Dataset records
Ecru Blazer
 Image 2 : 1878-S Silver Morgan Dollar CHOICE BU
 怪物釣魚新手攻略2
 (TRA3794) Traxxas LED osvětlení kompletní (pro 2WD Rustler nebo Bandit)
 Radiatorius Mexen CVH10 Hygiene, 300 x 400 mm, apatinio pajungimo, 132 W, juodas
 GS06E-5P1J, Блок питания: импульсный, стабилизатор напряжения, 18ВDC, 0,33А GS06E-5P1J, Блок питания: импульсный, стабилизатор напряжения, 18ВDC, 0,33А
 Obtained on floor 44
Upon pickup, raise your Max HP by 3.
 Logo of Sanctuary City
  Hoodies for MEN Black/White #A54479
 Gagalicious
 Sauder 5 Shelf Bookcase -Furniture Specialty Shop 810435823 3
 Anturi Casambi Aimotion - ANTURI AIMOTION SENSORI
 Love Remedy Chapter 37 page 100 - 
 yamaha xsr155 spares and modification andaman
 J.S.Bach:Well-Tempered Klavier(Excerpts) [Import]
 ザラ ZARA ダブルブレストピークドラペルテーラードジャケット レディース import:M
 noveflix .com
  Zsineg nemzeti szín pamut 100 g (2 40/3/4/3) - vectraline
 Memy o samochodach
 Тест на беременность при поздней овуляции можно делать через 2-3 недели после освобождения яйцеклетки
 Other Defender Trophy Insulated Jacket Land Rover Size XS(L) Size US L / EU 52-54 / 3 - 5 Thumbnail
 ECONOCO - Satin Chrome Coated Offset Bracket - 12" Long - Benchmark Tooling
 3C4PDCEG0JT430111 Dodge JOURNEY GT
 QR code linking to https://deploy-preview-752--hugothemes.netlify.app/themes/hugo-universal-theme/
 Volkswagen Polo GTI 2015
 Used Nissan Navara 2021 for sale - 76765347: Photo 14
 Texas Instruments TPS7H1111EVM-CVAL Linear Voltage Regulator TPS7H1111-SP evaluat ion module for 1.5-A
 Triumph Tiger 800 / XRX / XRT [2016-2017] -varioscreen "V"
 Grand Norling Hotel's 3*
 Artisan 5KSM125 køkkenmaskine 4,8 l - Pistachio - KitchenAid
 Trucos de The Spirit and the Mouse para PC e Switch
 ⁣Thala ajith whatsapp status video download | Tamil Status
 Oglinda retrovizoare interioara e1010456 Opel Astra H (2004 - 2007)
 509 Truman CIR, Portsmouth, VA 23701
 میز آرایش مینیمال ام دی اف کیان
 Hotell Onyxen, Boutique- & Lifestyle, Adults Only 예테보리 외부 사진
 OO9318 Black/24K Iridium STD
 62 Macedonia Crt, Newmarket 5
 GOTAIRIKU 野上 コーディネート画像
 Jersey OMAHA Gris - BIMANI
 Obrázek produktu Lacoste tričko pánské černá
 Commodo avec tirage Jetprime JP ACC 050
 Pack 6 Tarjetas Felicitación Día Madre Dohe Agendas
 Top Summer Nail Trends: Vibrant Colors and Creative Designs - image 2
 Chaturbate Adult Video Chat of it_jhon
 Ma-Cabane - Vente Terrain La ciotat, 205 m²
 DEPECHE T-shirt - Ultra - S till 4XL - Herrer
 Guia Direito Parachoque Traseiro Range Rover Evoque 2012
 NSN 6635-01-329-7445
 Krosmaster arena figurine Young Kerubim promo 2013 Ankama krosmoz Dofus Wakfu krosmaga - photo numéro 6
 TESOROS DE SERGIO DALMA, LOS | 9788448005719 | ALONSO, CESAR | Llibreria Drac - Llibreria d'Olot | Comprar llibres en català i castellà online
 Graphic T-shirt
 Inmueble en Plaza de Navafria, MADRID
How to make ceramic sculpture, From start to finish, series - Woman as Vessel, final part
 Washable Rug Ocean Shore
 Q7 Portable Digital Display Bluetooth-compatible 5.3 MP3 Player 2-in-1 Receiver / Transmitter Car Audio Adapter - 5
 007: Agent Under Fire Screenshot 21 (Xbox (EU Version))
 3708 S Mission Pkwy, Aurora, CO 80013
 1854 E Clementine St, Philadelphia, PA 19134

ABOUT THIS EXERCISE → Look over the entries above and tally the lines containing the string "shirt"; the answer is that total only.

ANSWER BELOW → 2